Finding Fiona: My Journey with the Sidhe
I spent much of my life on the Isle of Arran in Scotland, a place steeped in Celtic lore, history, and Fairy stories. There are countless places, rocks, trees, caves, and woodlands throughout the Gaelic-speaking areas of Scotland that have at least one story involving the Sidhe (Gaelic for “Fairies”), and Arran has many. I was fascinated from an early age by these ancient tales: where did they come from, how old were they, why this place and not that place? As I grew older, left home, got a job on the mainland, and so forth, my interest in the Sidhe faded. But it was still there.

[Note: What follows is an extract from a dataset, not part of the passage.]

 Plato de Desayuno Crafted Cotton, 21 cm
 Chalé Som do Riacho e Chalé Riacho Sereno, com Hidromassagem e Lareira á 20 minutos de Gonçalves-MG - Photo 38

The mainlanders that I got to know and befriend had no time for “Fairy stories.” So I learned to say nothing and carry on.
Then one normal day, I popped into my favourite antiquarian bookshop in Glasgow, mainland Scotland, for a browse, nothing specific on my mind. The owner pointed to a pile of books on his desk and said they had just arrived, and he had not looked through them yet. I did. Only one of them caught my attention—I mean, really caught my attention, as if it was shouting out, “buy me. Buy me!” So, of course I did. It was The Dominion of Dreams: Under the Dark Star (1895) by Fiona Macleod.
I read it from cover to cover. It was an anthology of short stories, essays, poems, and fragments, all by the mysterious Fiona Macleod. Some dealt with dark, somber topics, some were poetic and highly descriptive, but all of them totally captivated me. I discovered several other volumes that had been published by this Victorian gentlelady, a Gaelic speaker, and all of them were as captivating as the first volume.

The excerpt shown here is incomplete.